Generation IV sodium-cooled reactor concept GE Hitachi Nuclear Energy
Earlier this year, GE Hitachi Nuclear Energy and Advanced Reactor Concepts LLC agreed to collaborate in development and licensing of a small, modular nuclear reactor based on Generation IV sodium-cooled reactor technology.

GE Expanding Work on Small Nuclear Reactor

The GE Hitachi Nuclear Energy and Advanced Reactor Concepts partnership is targeting Canada for its first aSMR, and aims to license IP, share expertise

General Electric’s nuclear-power business, GE Hitachi Nuclear Energy (GEH) has outlined a series of steps that will further detail its collaboration with Advanced Reactor Concepts LLC, a partnership announced earlier this year to develop and license the ARC-100 advanced small modular reactor (aSMR).

“This new agreement recognizes that GEH and ARC Nuclear each have significant experience, investment, and intellectual property in sodium fast-reactor technology,” stated Jon Ball, executive vice president, Nuclear Plant Projects, GEH.

Small modular reactors are a type of nuclear fission reactor that are smaller than conventional reactors, and manufactured at one site and then relocated to a final location for assembly.

In March, GEH and ARC agreed to consolidate their efforts at commercializing a small, modular nuclear reactor, specifically to install the ARC-100 aSMR, initially in Canada. Until that time both companies had developed reactor designs based on the EBR-II, an integral sodium-cooled fast reactor prototype, which was developed by Argonne National Laboratory and operated successfully for more than 30 years at Idaho Falls, Idaho.

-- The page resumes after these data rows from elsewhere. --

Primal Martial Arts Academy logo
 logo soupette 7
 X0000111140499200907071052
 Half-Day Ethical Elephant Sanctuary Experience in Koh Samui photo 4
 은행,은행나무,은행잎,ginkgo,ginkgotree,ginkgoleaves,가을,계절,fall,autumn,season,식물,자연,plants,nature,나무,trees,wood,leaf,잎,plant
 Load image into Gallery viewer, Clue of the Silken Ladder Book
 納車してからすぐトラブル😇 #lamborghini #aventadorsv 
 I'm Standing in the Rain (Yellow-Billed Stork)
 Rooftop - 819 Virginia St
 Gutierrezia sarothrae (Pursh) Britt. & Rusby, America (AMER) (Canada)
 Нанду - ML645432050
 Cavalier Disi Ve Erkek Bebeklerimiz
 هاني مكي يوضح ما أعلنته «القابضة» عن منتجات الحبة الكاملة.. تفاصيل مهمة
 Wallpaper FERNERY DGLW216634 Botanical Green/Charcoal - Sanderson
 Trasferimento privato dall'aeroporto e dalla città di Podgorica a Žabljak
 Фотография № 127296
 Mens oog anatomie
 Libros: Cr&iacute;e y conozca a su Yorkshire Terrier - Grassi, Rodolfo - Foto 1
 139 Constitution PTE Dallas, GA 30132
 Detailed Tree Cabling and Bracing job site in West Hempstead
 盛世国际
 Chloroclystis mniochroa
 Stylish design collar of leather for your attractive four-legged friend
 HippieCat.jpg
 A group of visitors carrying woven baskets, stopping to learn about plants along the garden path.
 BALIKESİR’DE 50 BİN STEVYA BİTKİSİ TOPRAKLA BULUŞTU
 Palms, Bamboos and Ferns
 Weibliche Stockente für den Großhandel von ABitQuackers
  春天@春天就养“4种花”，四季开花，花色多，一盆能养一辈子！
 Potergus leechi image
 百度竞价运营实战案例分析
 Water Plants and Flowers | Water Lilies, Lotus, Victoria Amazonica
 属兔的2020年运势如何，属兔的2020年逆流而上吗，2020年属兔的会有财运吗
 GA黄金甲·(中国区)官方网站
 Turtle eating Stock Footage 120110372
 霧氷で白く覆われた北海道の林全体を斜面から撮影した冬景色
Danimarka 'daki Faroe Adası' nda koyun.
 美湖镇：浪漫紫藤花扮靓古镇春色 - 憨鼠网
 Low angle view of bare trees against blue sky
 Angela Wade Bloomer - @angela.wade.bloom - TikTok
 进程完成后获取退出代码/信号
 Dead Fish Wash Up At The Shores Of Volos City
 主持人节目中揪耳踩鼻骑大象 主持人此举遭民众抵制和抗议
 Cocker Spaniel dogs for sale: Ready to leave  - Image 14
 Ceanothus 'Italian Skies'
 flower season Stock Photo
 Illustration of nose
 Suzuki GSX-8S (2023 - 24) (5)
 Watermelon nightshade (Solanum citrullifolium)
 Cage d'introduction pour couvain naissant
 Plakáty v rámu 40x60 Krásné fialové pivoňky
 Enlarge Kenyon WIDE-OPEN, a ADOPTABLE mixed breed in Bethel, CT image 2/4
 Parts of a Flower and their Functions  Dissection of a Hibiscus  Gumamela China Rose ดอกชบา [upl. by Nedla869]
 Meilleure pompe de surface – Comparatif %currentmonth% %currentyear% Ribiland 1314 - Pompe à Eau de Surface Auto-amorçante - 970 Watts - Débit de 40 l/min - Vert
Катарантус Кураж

But, GEH’s PRISM reactor and ARC Nuclear’s ARC-100 have had different objectives. The ARC-100 is a 100 MWe aSMR, designed for efficient and flexible electricity generation, while operating for up to 20 years with no need for refueling.

The ARC PRISM reactor is designed to be refueled every 12 to 24 months; it’s primarily focused on closing the fuel cycle by, among other things, consuming transuranics (unstable elements.)

Both aSMR designs share fundamental features, such as high-energy neutrons, liquid sodium cooling and metallic fuel, which provides inherent safety performance and economically competitive plant architecture compared to traditional water-cooled reactors.

Within their new development agreement, GEH intends to license intellectual property associated with its PRISM advanced reactor design to ARC Nuclear. GEH also intends to give ARC access to its nuclear infrastructure quality, safety, and training programs, along with other related processes, procedures, and tools.

Also, GEH will provide relevant engineering and design services to ARC Nuclear.

“Our work to date with the GEH team has validated our expectation of the synergy of combining ARC Nuclear’s senior engineers — with their deep sodium fast reactor operational and design experience as key members of EBR-II prototype program — with GEH’s next generation of nuclear engineers and designers with their proven competence in modern nuclear design,” stated Don Wolf, chairman and CEO of ARC Nuclear.

GEH and ARC also continue to work toward a preliminary regulatory review of the ARC-100 by the Canadian Nuclear Safety Commission. At the same time, the have a joint engineering team working to advance the ARC-100 design.